Tu demandes un carnet de vaccination à jour, et tu as raison. Mais si un client arrive un jour sans pouvoir te le présenter, ce n'est pas le Code rural qui te permet de refuser l'animal.

Le règlement sanitaire est le document dans lequel tu définis la façon dont tu nettoies, soignes et isoles les animaux accueillis. Tu le rédiges avec le vétérinaire sanitaire que tu as désigné. C'est aussi dans ce document que figurent tes exigences en matière de vaccination, puisqu'aucun texte national ne t'en impose.

C'est ensuite ton contrat de garde qui permet de rendre ces règles opposables au client.

Le document que presque personne n'a écrit

L'obligation tient en une phrase de l'article R. 214-30 du Code rural : tu dois « établir, en collaboration avec un vétérinaire sanitaire, un règlement sanitaire régissant les conditions d'exercice de l'activité ».

Elle concerne toutes les activités visées à l'article L. 214-6-1, donc notamment la garde de chiens et de chats exercée à titre commercial, avec ou sans hébergement, ainsi que l'éducation et le dressage.

Il n'existe aucun seuil : garder un seul chien contre rémunération suffit à entrer dans le champ de cette obligation.

L'article 5 de l'arrêté du 19 juin 2025 précise le contenu de ce règlement. Il exige un document écrit et va jusqu'à lui donner son nom : les règles que tu définis « sont consignées par écrit dans un document intitulé "règlement sanitaire" ».

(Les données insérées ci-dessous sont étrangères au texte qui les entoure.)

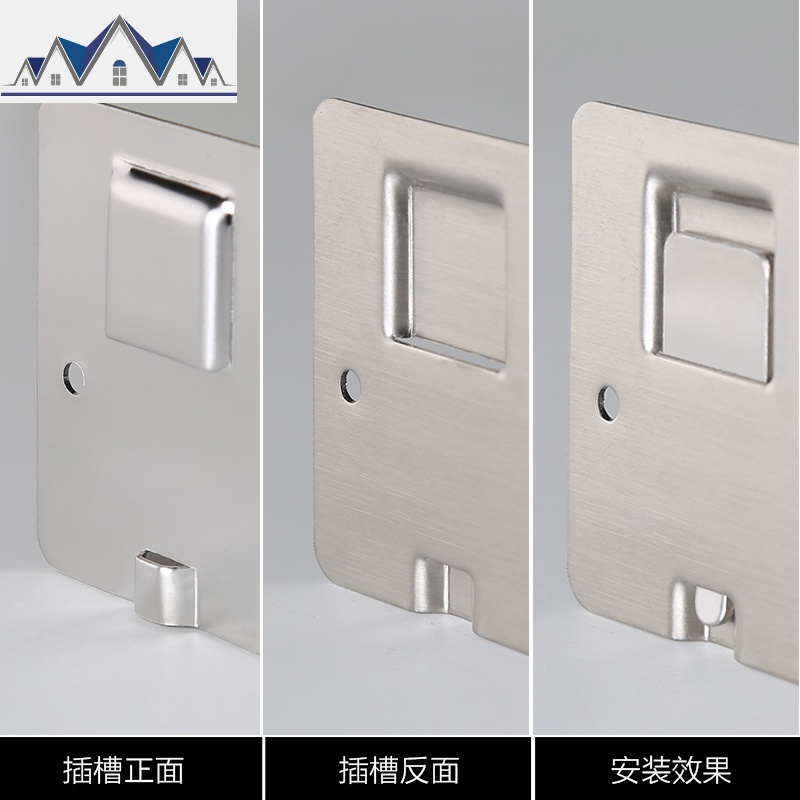 锅盖架收纳架沥水菜板案板砧板架304不锈钢免打孔厨房置物架壁挂_1_91高清大图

Autrement dit, des habitudes connues de toi seul ou quelques consignes informelles dans un classeur ne suffisent pas.

Dernière précision avant d'entrer dans le détail, car la confusion est fréquente : ce document n'a rien à voir avec le règlement sanitaire départemental.

Ton règlement sanitaireLe règlement sanitaire départemental
Qui l'écritToi, avec ton vétérinaire sanitaireLe préfet
Ce qu'il régitTon hygiène, tes soins, ta quarantaineLes nuisances, dont les distances aux habitations
Où le trouverNulle part, tu le rédigesÀ la préfecture de ton département

Si tu cherches par exemple quelle distance respecter avec le voisinage, c'est donc le second document qui t'intéresse. Le sujet est traité dans l'article sur l'ouverture d'une pension canine.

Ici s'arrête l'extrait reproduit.